==== Information shown ====

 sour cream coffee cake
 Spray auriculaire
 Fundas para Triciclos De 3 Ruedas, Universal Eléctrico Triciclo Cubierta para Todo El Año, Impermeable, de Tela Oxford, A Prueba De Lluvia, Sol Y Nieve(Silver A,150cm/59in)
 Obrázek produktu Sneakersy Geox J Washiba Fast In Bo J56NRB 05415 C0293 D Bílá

====
==== Information shown ====

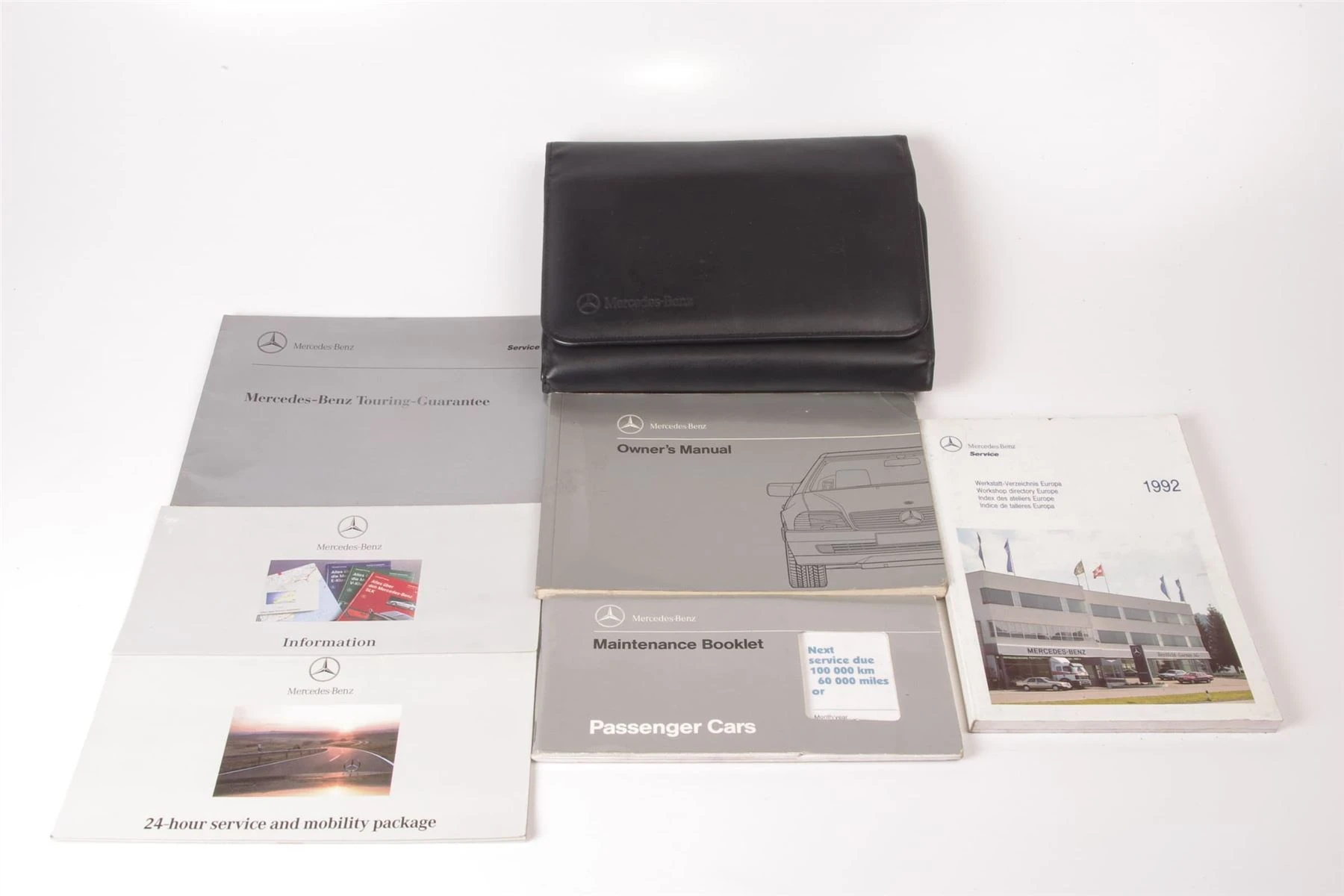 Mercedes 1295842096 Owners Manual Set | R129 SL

====
==== Information shown ====

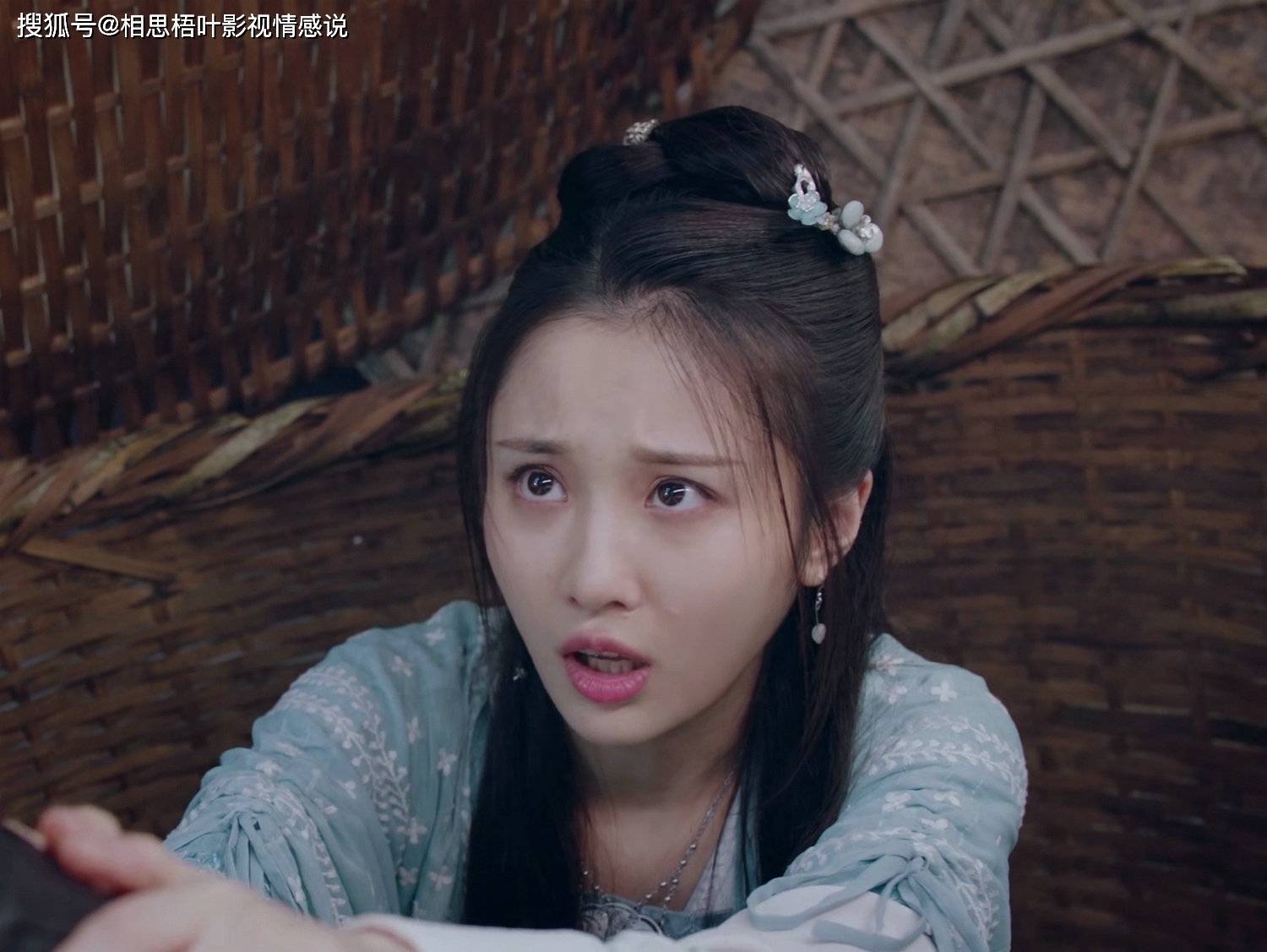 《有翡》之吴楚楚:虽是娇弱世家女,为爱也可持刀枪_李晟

====

▸ Work request
Above are the entries. Copy exactly the part that opens with the line containing "Fundas para Triciclos" and closes with the line containing "Obrázek produktu Sneakersy", and no more.

▸ Completed exercise
 Fundas para Triciclos De 3 Ruedas, Universal Eléctrico Triciclo Cubierta para Todo El Año, Impermeable, de Tela Oxford, A Prueba De Lluvia, Sol Y Nieve(Silver A,150cm/59in)
 Obrázek produktu Sneakersy Geox J Washiba Fast In Bo J56NRB 05415 C0293 D Bílá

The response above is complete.